Hi everyone. I finally got tired of riding the roads around my house, and decided to load the bikes up last Saturday and head to Antelope Island. My son has been running with the local high school track team all spring, so his fitness was sure to put mine to shame. But, I put my pride in my pocket, and we headed for the Island.
The morning dawned cold and windy, so we added jackets and pants to our packs, but by the time we reached the island, the temperature had risen into the 60s...amazingly warm for northern Utah this time of year. The wind seemed to have died down also, but this was not the blessing it might seem. As soon as we opened the van door, the bugs began to swarm and buzz around. The gnats were especially vicious. We slathered on the bug repellent and took off.
Trying to outrun the gnats:
The Island was amazingly green, for being in the middle of a desert and a salty inland sea. It is probably only this green for a few days out of the year, so I was glad we made the trip. The loop we rode starts off by going along the beach at White Rock Bay. It is named for the white rock that sits in the middle of the bay...imagine that! But 7 years of drought have taken their toll on the Great Salt Lake, and White Rock is practically on the beach now. I'm sure the water is shallow enough that you could walk right out to the rock.

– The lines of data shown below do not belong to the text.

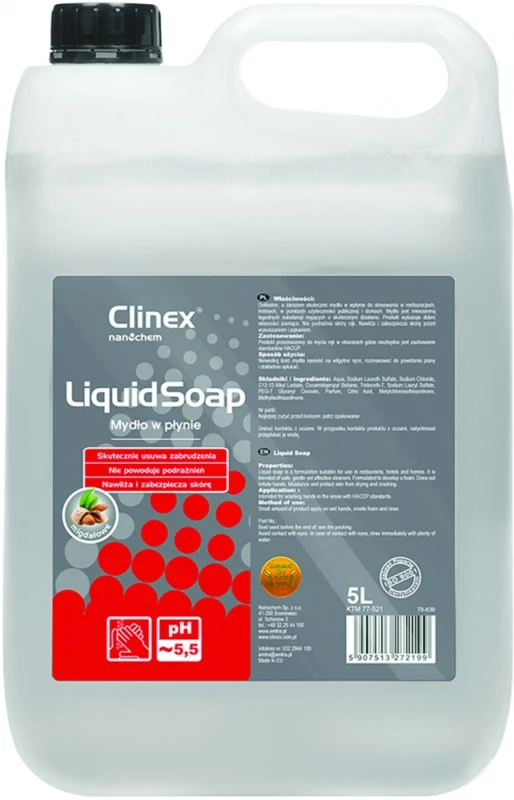 Mydło w płynie Clinex Liquid Soap 77-521, migdałowy, 5L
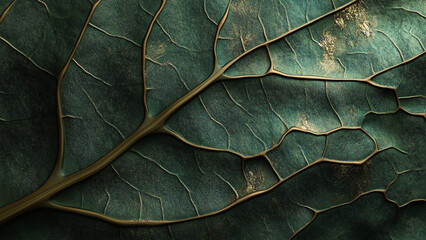 Detailed Leaf Texture Close-Up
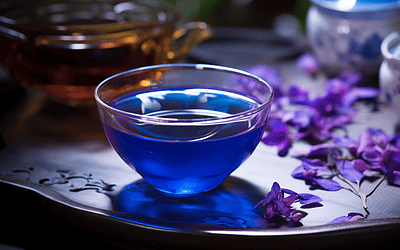 Magia błękitu Klitorii Ternateńskiej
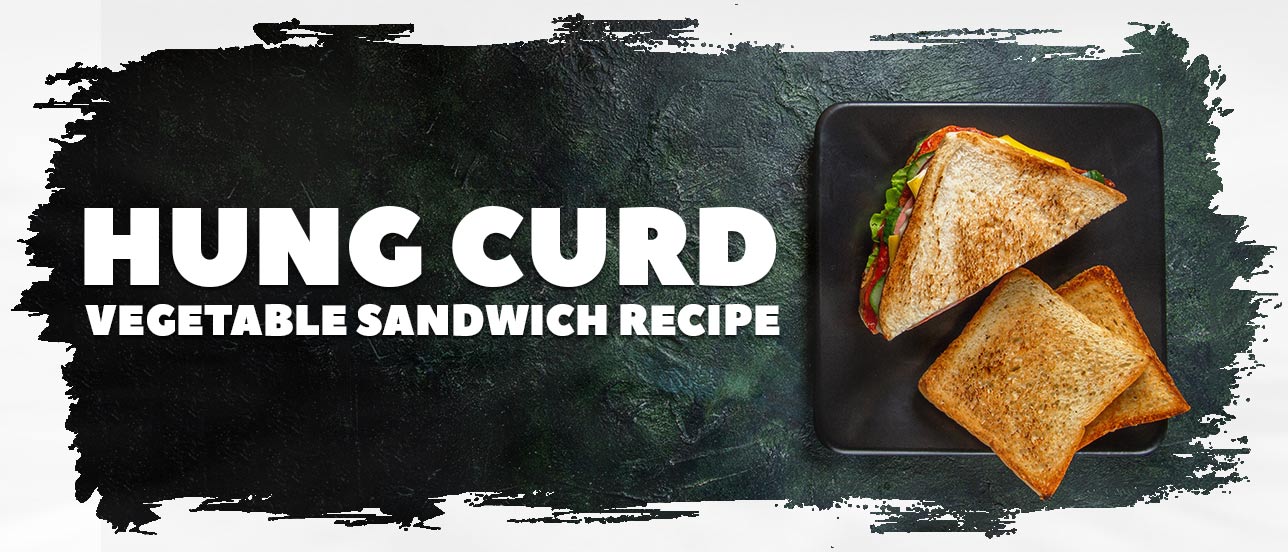 hung curd vegetable sandwich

After you pass the bay, the trail turns uphill, slightly, and climbs toward the Elephant Head Trail spur. Unfortunately, this is the part of the ride where my son's superior conditioning becomes evident! He soon tired of riding with dad, and took off up the hill. Fortunately, he waited for me at the Elephant Head trailhead, on a bench so kindly provided by the State Parks Division for just such an occasion.
As you can probably see from the photo, the trail only gets steeper from this point. Fortunately, the climb to the Elephant Head trail is a short one...unfortunately, it's not short enough that I could stay with my son!

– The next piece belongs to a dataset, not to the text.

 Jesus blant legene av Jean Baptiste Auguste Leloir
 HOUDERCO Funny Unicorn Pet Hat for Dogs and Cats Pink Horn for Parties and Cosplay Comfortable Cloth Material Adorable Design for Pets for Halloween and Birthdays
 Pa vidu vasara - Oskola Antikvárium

Good thing my son hadn't ridden this trail in many years. If he'd known which way to go, he probably wouldn't have waited for me again.
(Insert obligatory "kid leaning against a rock" pic here)
Once we reached the top of the climb, the good part of the ride began. The Elephant Head trail is 1.42 miles of swoopy, moderately technical singletrack goodness. After the long (for a fat guy) climb, it was nice to just let the bike run for a little while.
We reached the end of the trail and the Elephant Head overlook. The overlook is approximately 900 feet above the Great Salt Lake, and looks west toward Stansbury Island and Nevada.
The overlook also provided me a chance to catch my breath, and reapply the bug repellant my exertion had washed away. While there, we were able to admire the local flora and fauna.
Obligatory "bike leaning against inanimate object" pic:
Antelope Island is home to a transplanted herd of buffalo. Although they have free range of the island, they usually stay close to the northern end. I've never failed to get a glimpse of at least one buffalo, but they seemed especially prevalent on Saturday. I learned an important lesson about viewing buffalo while we were there.
This is an extremely safe distance from which to view a buffalo:
This is a moderately safe distance from which to view a buffalo:
This is an extremely unsafe distance from which to view a buffalo:
While climbing up to the cone on our final leg of the ride, we saw two trail patrolwomen on horseback approaching. We stopped our bikes to yield the trail to them, but they stopped also. I waved them forward, and they started pointing to our right. I looked over into the dry weeds, and saw this gentleman lumbering across the trail, about 50 yards away. I thought it would be a great photo op, so I reached for my camera in my pack. About that time, he decided he'd take a closer look at us, altered his course, and began walking straight for my son and I. If we turned around, the trail was downhill, so I thought we might be able to make a getaway. I stowed the camera, and slowly turned the bikes around, keeping an eye on the buffalo all the time. He seemed to lose interest in us, and at about 20 yards away, he turned back on his original course, and headed down toward the water ponds below us. I got this photo just after he turned away. When the patrolwomen saw he was moving away, they rode down the hill to us. "I want to know how fast your heart was beating," the leader asked. I replied, "It was beating quite fast, right up until the point it quit!" I replied. They laughed, and continued their ride down the hill. We had just one more obstacle to complete before our loop was complete, and the ride was over...I call it the Sand Wall.
It is said that age and treachery will always overcome youth and skill, and that was true in this case. My son tried several times to ride up the hill, but the sand and the rocks wore him down, and he ended up pushing his bike up the hill. Dad, on the other hand, used the packed line to the left, and made it up the hill...one small victory for the fat, old dads of the world!
A sandy, fast downhill, and we were back at the van. We quickly dove inside to avoid the gnats and biting flies, and headed for home. Of course, no ride would be complete without stopping for some refreshment on the way home.
Nothing like a pastrami burger and some fries, eaten with fantastic company, to finish a ride off right. If you made it this far, thanks for indulging me!